Data to examine START
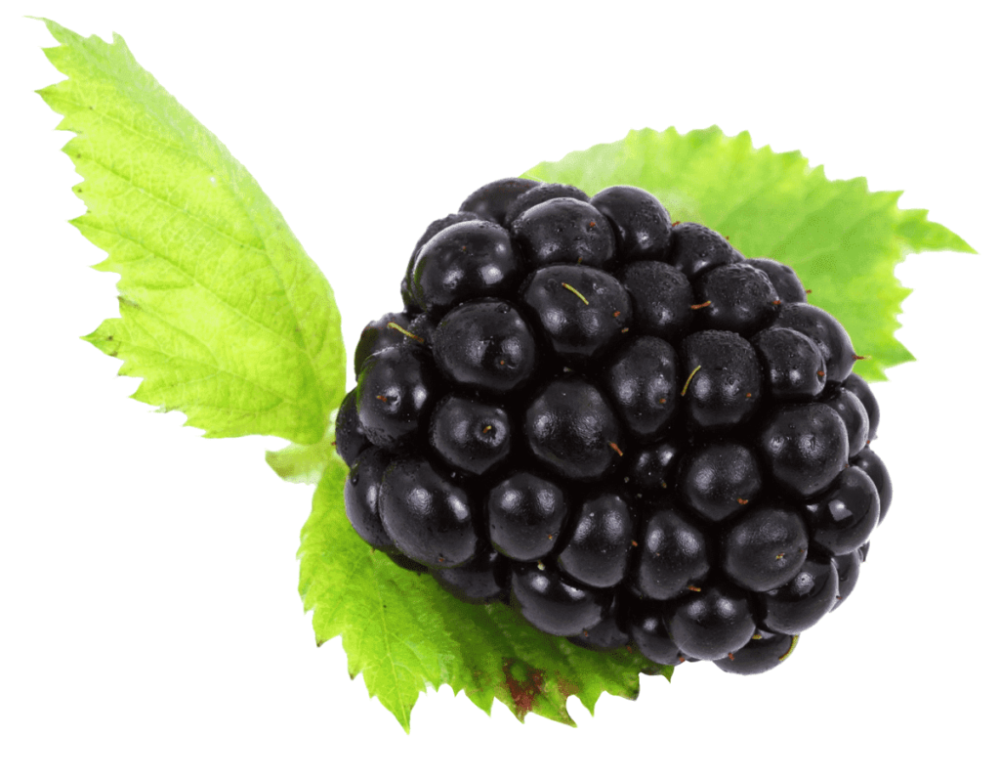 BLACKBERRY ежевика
Data to examine END
Data to examine START
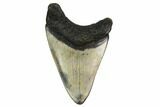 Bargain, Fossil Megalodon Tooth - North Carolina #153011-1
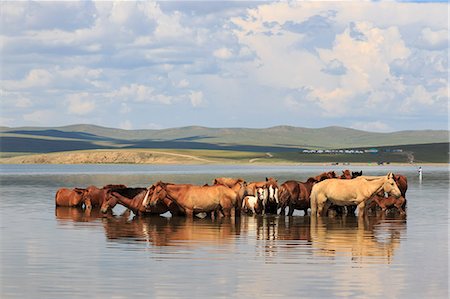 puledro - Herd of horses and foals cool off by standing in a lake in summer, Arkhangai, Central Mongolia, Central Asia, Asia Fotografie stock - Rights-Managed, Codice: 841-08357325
Data to examine END
Data to examine START
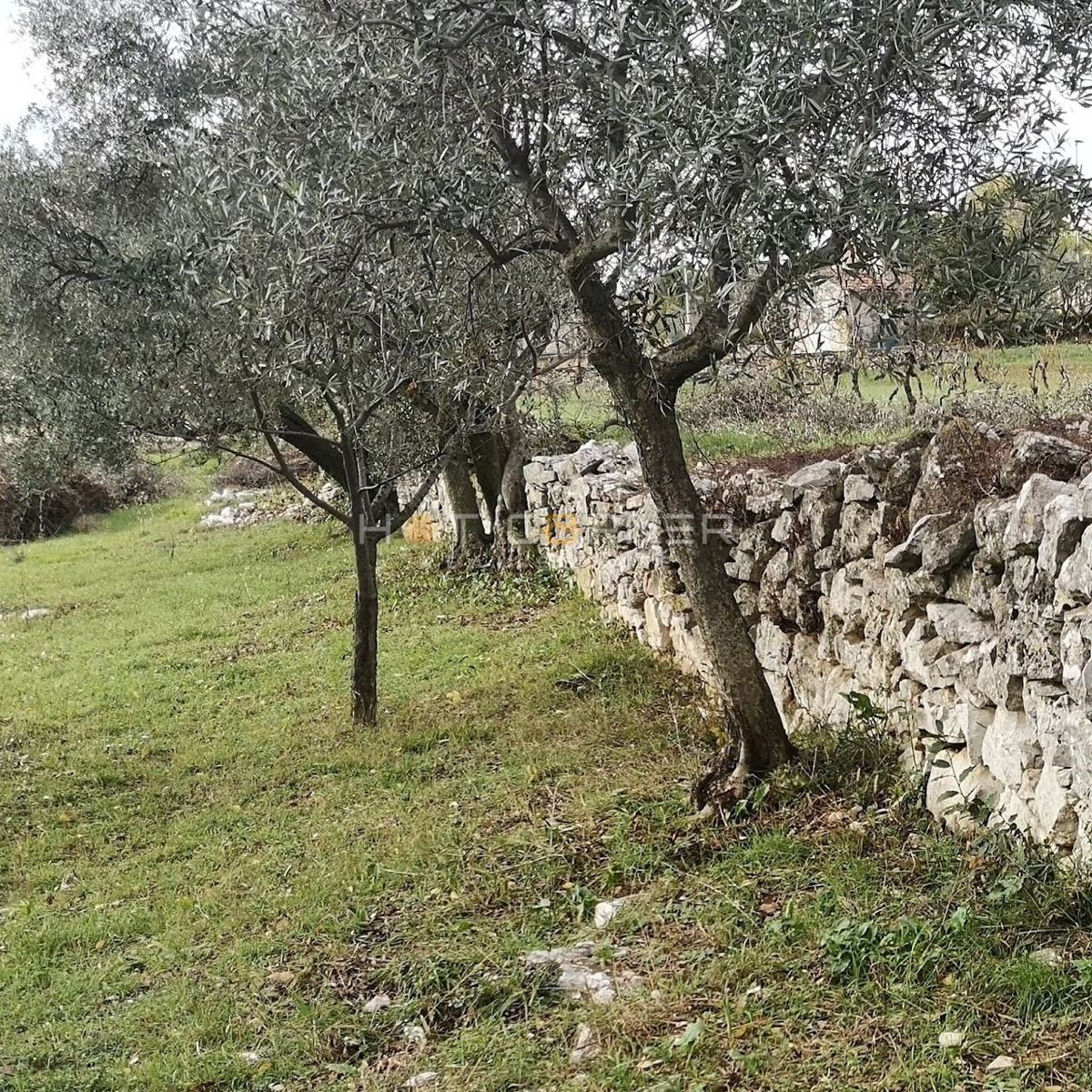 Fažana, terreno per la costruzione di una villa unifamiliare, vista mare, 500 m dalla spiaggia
Data to examine END
What needs to be done
Start with the line above containing "Bargain, Fossil Megalodon" and end with the line containing "puledro - Herd". Set down that stretch exactly, without any pictures.

Result of the task
 Bargain, Fossil Megalodon Tooth - North Carolina #153011-1
 puledro - Herd of horses and foals cool off by standing in a lake in summer, Arkhangai, Central Mongolia, Central Asia, Asia Fotografie stock - Rights-Managed, Codice: 841-08357325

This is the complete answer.